-- INFORMATION PROVIDED --
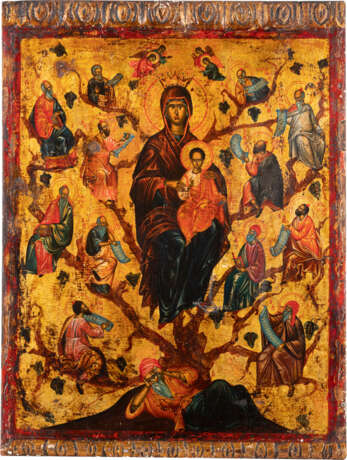 A LARGE ICON SHOWING THE TREE OF JESSE Recent Oil on woo - photo 1
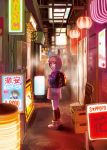  1girl alley highres kouka_(mrakano5456) lantern looking_at_viewer looking_back neon_lights original pink_hair red_eyes short_hair sign solo translation_request 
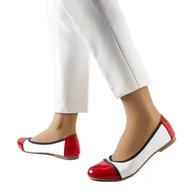 Baleriny - Biało-czerwone balerinki Salmons białe - Inna marka - miniaturka - grafika 1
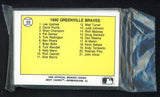 1990 Best Greenville Braves Complete Set Turk Wendell 543806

-- TO DO --
When you repeat the lines above, keep them exact and leave out each image they contain.

-- RESPONSE BOX --
 A LARGE ICON SHOWING THE TREE OF JESSE Recent Oil on woo - photo 1
  1girl alley highres kouka_(mrakano5456) lantern looking_at_viewer looking_back neon_lights original pink_hair red_eyes short_hair sign solo translation_request 
 Baleriny - Biało-czerwone balerinki Salmons białe - Inna marka - miniaturka - grafika 1
 1990 Best Greenville Braves Complete Set Turk Wendell 543806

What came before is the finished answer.